%%
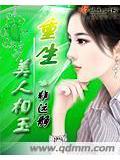 重生美人如蜜hpg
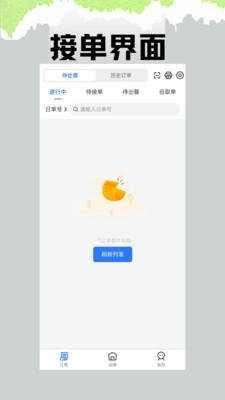 水獭同学商家版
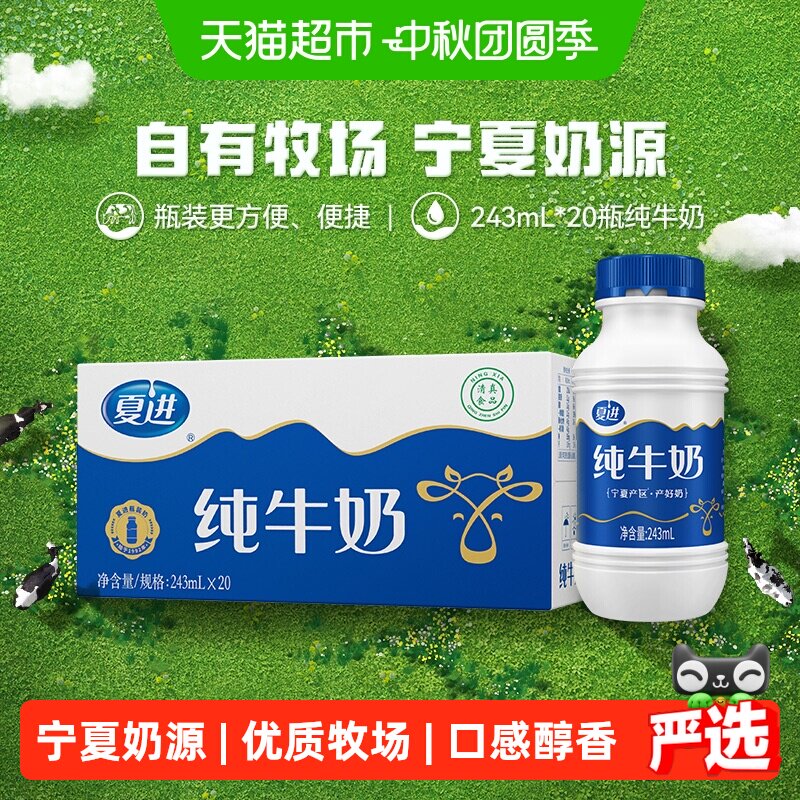 夏进宁夏奶源纯牛奶243ml*20瓶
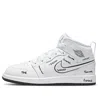 Air Jordan (ps)  1 Mid 'schematic'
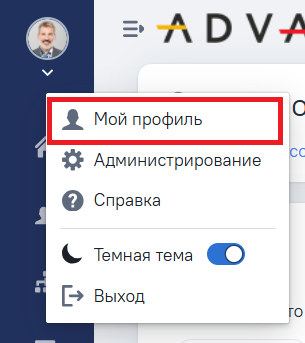 auth_19.png
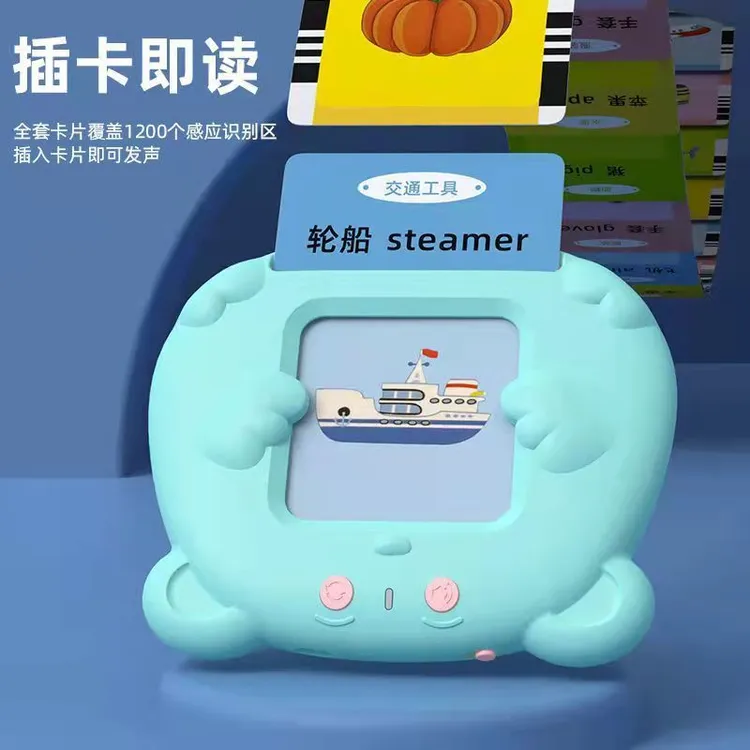 益智玩具学习机0-3-6岁宝宝双语启蒙有声儿歌插卡即读早教卡片机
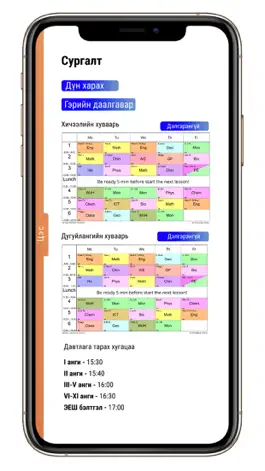 Game screenshot Oyunlag School apk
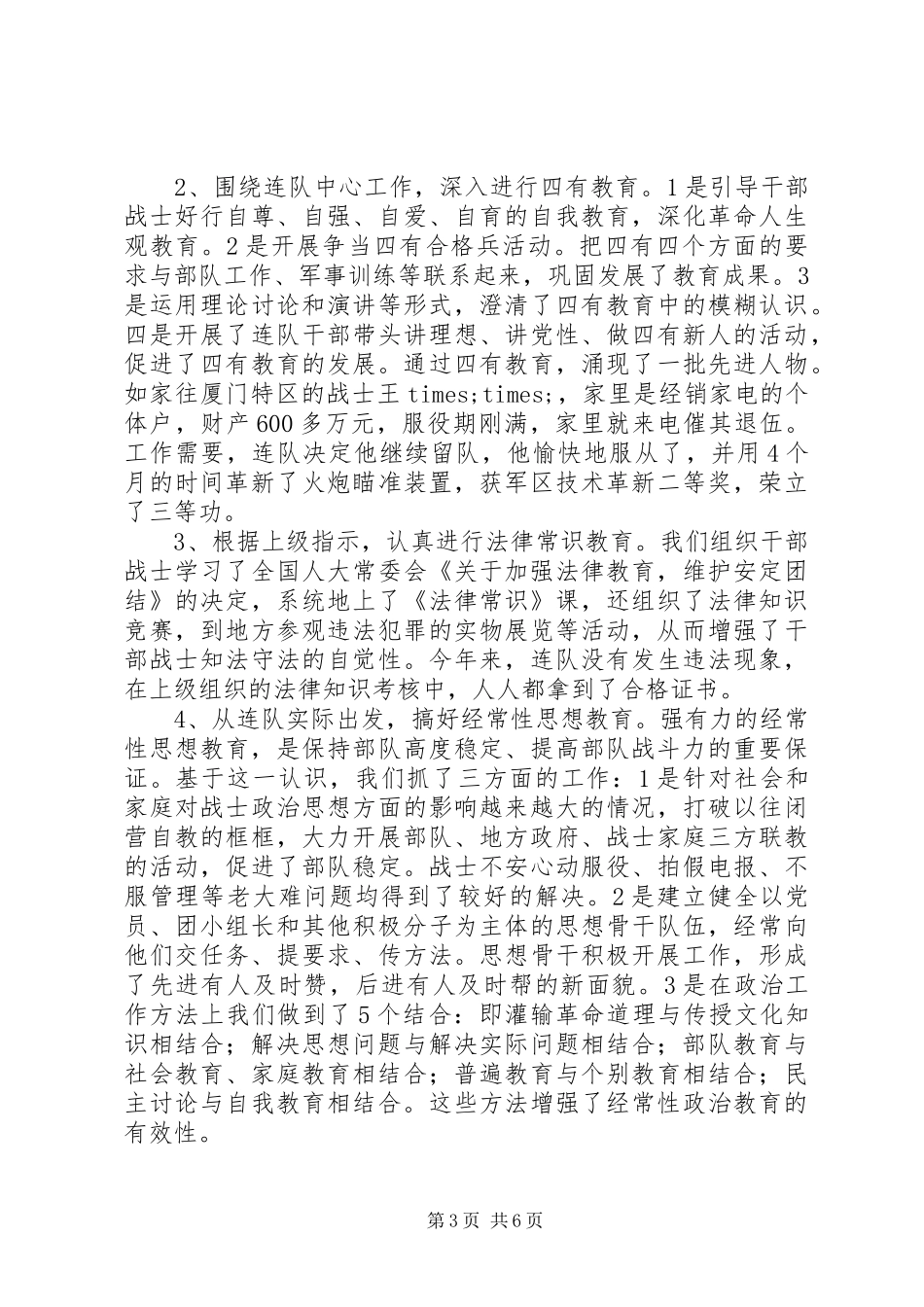 部队年终工作总结：连队总结_第3页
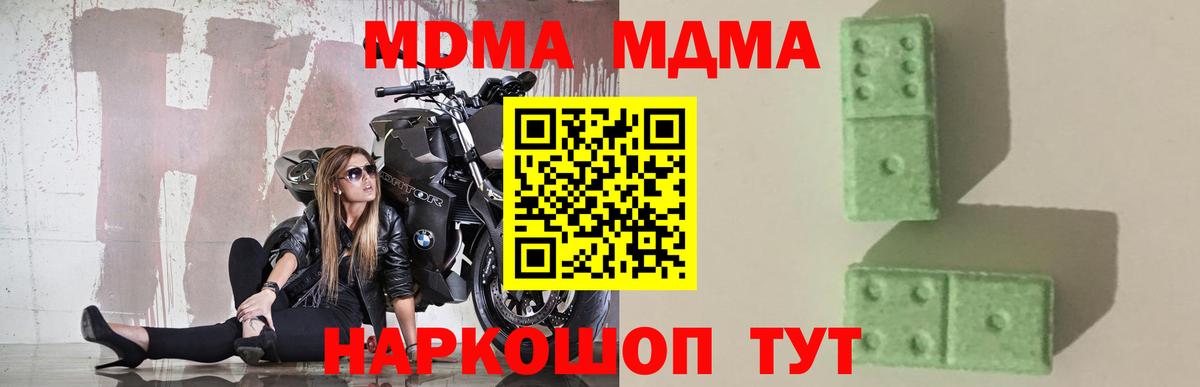 Калуга  МДМА  МДМА Molly  Вход с VPN  МДМА VHQ 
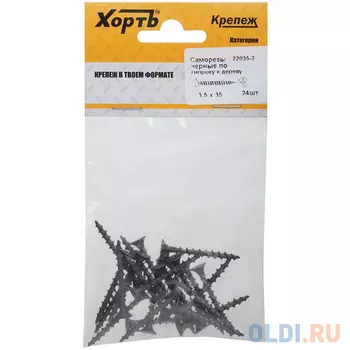 FIT [22035-2] Саморезы черные по гипроку к дереву 3,5 х 35 (фасовка 24шт.)
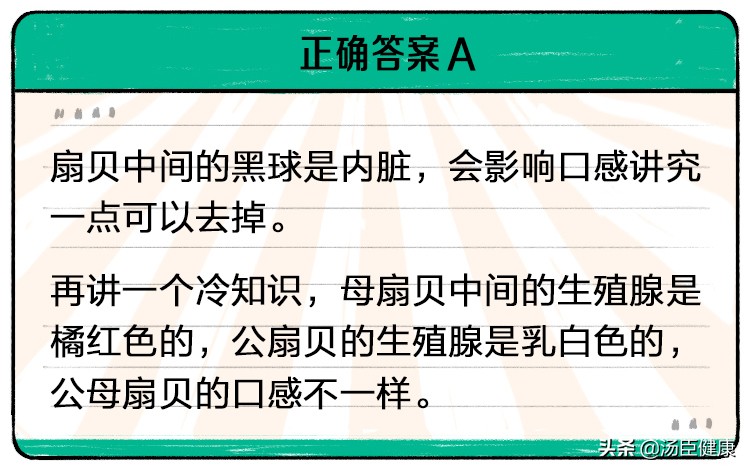海鲜的黑色部位到底能不能吃？没有人能完整地走出去...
%%
REQUIREMENT:
When copying the records above, please match them exactly but leave out all pictures.

EXERCISE OUTPUT:
 重生美人如蜜hpg
 水獭同学商家版
 夏进宁夏奶源纯牛奶243ml*20瓶
 Air Jordan (ps)  1 Mid 'schematic'
 auth_19.png
 益智玩具学习机0-3-6岁宝宝双语启蒙有声儿歌插卡即读早教卡片机
 Game screenshot Oyunlag School apk
 部队年终工作总结：连队总结_第3页
 Калуга  МДМА  МДМА Molly  Вход с VPN  МДМА VHQ 
 FIT [22035-2] Саморезы черные по гипроку к дереву 3,5 х 35 (фасовка 24шт.)
海鲜的黑色部位到底能不能吃？没有人能完整地走出去...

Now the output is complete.